The Guam International Airport Authority reported that a discounts-based airline incentive program produced about $941,060 in billed incentives for fiscal year 2025, covering 623 incentivized flights and about 131,000 seats, airport deputy executive manager Ricky Hernandez told the legislative oversight committee. Management said average incentive values were roughly $1,500 per incentivized flight, $7.18 per seat and $12.22 per enplanement.
The incentive program was implemented after the Federal Aviation Administration amended guidance in December 2023 to allow certain air-carrier incentive programs. Hernandez said GIAAs board approved a policy in March 2024 to provide discounts (the airport cannot pay airlines directly) based on rates-and-charges metrics such as passengers, loading-bridge usage and takeoff weight. Six airlines participated in the FY25 discounts; GIAA estimated a first-quarter FY26 run rate of about $882,000 for incentivized flights.
Why it matters: GIAAs comptroller, Daphne Shimizu, told senators that airport finances remain sensitive to emplanement trends. The incentive program is intended to increase seat capacity and accelerate recovery from the pandemic and Typhoon Mawar. Committee members pressed GIAA on how its incentives coordinate with the Guam Visitors Bureaus separate marketing-funded incentives; GIAA managers said they meet weekly with GVB to align route-development outreach and to address operational requirements for new services.
What GIAA will change: Hernandez said the program will be adjusted on Jan. 1, 2026 to limit discounts to new markets and new airlines and to suspend incentives for increased frequencies until performance metrics improve.

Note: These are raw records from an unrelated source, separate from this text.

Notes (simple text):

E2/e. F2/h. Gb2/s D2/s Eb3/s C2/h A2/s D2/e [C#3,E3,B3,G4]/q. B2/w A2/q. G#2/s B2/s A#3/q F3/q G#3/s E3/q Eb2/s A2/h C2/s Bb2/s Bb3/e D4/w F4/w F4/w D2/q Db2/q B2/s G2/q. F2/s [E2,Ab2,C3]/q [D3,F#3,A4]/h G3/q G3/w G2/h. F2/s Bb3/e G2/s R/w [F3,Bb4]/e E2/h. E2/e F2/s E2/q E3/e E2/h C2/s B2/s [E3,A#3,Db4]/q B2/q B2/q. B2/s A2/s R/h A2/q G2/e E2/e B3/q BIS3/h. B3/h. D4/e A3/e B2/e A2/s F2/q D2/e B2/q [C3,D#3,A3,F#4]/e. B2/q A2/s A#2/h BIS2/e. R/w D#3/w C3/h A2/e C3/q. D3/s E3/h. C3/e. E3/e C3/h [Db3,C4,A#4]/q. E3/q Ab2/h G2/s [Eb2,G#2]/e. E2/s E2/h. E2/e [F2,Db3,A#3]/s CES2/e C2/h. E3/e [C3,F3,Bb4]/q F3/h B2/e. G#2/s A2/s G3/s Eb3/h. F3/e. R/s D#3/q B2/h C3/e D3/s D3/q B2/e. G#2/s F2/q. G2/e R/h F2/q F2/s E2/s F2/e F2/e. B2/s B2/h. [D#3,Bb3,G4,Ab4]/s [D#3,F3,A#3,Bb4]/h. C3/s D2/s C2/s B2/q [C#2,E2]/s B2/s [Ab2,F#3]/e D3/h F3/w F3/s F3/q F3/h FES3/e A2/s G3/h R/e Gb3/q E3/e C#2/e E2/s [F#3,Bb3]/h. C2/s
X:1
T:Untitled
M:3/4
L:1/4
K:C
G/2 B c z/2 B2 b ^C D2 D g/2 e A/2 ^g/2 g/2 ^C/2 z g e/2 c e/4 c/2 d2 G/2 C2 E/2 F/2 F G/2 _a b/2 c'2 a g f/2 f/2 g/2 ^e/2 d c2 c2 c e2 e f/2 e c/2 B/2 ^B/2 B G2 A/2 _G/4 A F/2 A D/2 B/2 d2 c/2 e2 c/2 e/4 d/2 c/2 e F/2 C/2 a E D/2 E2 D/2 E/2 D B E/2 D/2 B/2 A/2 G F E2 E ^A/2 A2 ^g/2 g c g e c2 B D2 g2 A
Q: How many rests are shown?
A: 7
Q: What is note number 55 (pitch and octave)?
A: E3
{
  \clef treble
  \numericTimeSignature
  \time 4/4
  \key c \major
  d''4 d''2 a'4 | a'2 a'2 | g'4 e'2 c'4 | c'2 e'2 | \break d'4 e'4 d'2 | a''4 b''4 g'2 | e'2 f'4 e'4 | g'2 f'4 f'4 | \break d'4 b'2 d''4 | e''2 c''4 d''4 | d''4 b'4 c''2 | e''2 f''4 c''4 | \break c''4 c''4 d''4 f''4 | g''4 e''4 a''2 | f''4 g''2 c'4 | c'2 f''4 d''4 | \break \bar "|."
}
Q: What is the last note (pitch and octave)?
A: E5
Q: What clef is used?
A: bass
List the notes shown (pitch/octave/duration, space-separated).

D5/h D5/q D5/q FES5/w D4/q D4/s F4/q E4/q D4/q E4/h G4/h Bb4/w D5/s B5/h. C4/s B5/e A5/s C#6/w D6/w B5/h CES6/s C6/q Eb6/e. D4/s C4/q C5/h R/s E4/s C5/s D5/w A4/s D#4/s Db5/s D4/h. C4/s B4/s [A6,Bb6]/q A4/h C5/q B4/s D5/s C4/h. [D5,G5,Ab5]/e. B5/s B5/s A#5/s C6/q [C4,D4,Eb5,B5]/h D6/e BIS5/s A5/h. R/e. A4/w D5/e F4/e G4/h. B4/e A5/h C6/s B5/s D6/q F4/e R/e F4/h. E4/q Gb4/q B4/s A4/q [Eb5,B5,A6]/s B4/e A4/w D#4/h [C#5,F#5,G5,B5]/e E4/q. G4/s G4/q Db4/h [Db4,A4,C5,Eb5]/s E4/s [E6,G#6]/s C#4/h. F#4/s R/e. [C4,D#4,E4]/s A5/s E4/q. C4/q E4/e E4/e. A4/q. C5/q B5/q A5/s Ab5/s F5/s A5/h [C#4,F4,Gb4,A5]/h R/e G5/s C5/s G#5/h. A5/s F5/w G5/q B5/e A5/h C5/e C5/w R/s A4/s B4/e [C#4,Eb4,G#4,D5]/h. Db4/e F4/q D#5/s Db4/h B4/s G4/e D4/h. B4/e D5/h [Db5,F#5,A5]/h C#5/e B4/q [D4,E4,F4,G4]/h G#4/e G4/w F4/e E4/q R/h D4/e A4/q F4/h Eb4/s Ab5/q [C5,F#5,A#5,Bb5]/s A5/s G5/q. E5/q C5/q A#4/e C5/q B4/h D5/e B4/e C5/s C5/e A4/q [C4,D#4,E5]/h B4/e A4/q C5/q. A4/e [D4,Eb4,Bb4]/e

Management framed that change as a response to observed financial data.
Supporting details: GIAA listed a string of recent and seasonal service additions and restorations that increased seat capacity in peak months, including additional Incheon flights from Korean carriers, new or seasonal Busan and Osaka services, a three-times-weekly Philippine Airlines Cebu service planned for Dec. 17, 2025, and several charters.
Quotes: "In that adjustment in the policy, it allowed for providing for a significant increase in existing service for existing airlines," Hernandez said, explaining the FAA policy change. Comptroller Daphne Shimizu noted, "one of the indicators of financial health of the airport is emplanements."
Context and next steps: Senators said they want continued coordination between GIAA and GVB and clearer, documented expectations for any legislature-appropriated airline-incentive funds. GIAA said it will continue weekly operational and route-development meetings with GVB and provide further metrics to the committee as the fiscal year progresses.
Provenance: Topic introduced in testimony by Ricky Hernandez at 00:08:53 and topic discussion closes in the service-and-schedule summary at 00:17:36.